### [GIVEN ENTRIES]
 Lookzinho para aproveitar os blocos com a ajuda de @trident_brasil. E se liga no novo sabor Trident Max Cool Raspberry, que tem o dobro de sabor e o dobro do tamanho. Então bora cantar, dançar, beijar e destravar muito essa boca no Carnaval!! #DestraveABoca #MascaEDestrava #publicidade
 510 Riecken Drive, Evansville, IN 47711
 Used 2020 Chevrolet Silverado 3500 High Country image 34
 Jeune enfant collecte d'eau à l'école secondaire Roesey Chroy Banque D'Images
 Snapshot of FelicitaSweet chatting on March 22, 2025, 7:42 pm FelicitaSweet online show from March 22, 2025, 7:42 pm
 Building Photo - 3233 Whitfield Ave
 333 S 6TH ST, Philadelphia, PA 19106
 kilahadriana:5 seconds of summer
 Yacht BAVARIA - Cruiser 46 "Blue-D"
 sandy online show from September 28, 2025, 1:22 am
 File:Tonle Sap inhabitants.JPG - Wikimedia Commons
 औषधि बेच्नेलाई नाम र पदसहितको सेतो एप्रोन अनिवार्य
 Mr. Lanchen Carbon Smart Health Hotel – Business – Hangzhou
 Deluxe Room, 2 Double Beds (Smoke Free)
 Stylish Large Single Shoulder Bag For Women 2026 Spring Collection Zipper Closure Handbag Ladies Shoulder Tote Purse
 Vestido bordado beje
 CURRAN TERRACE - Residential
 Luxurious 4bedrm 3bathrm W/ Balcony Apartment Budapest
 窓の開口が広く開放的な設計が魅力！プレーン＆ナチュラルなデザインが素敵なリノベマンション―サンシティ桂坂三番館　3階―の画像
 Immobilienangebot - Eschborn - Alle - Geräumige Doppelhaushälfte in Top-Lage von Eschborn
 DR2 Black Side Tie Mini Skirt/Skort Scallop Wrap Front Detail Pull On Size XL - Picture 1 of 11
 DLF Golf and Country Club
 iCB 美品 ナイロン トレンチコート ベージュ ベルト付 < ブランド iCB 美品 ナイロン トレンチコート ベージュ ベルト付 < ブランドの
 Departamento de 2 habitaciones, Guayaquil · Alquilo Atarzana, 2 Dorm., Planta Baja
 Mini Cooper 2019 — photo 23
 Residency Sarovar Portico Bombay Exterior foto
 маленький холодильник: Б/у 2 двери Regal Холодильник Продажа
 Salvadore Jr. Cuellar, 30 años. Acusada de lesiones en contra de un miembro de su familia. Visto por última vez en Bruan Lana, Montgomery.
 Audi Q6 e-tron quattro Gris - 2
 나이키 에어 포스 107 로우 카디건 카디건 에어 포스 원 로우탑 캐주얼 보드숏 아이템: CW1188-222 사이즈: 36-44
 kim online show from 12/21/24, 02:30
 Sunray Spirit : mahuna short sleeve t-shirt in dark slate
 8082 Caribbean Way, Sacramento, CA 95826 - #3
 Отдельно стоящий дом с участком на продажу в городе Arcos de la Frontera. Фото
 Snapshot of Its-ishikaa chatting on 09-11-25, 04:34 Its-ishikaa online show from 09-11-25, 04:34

### [AIM OF THE TASK]
Retype only this portion of the data above: the line containing "333 S 6TH ST, Philadelphia, PA 19106", the line containing "iCB 美品 ナイロン トレンチコート ベージュ ベルト付 < ブランド iCB", and all lines between them, exactly.

### [TASK RESPONSE]
 333 S 6TH ST, Philadelphia, PA 19106
 kilahadriana:5 seconds of summer
 Yacht BAVARIA - Cruiser 46 "Blue-D"
 sandy online show from September 28, 2025, 1:22 am
 File:Tonle Sap inhabitants.JPG - Wikimedia Commons
 औषधि बेच्नेलाई नाम र पदसहितको सेतो एप्रोन अनिवार्य
 Mr. Lanchen Carbon Smart Health Hotel – Business – Hangzhou
 Deluxe Room, 2 Double Beds (Smoke Free)
 Stylish Large Single Shoulder Bag For Women 2026 Spring Collection Zipper Closure Handbag Ladies Shoulder Tote Purse
 Vestido bordado beje
 CURRAN TERRACE - Residential
 Luxurious 4bedrm 3bathrm W/ Balcony Apartment Budapest
 窓の開口が広く開放的な設計が魅力！プレーン＆ナチュラルなデザインが素敵なリノベマンション―サンシティ桂坂三番館　3階―の画像
 Immobilienangebot - Eschborn - Alle - Geräumige Doppelhaushälfte in Top-Lage von Eschborn
 DR2 Black Side Tie Mini Skirt/Skort Scallop Wrap Front Detail Pull On Size XL - Picture 1 of 11
 DLF Golf and Country Club
 iCB 美品 ナイロン トレンチコート ベージュ ベルト付 < ブランド iCB 美品 ナイロン トレンチコート ベージュ ベルト付 < ブランドの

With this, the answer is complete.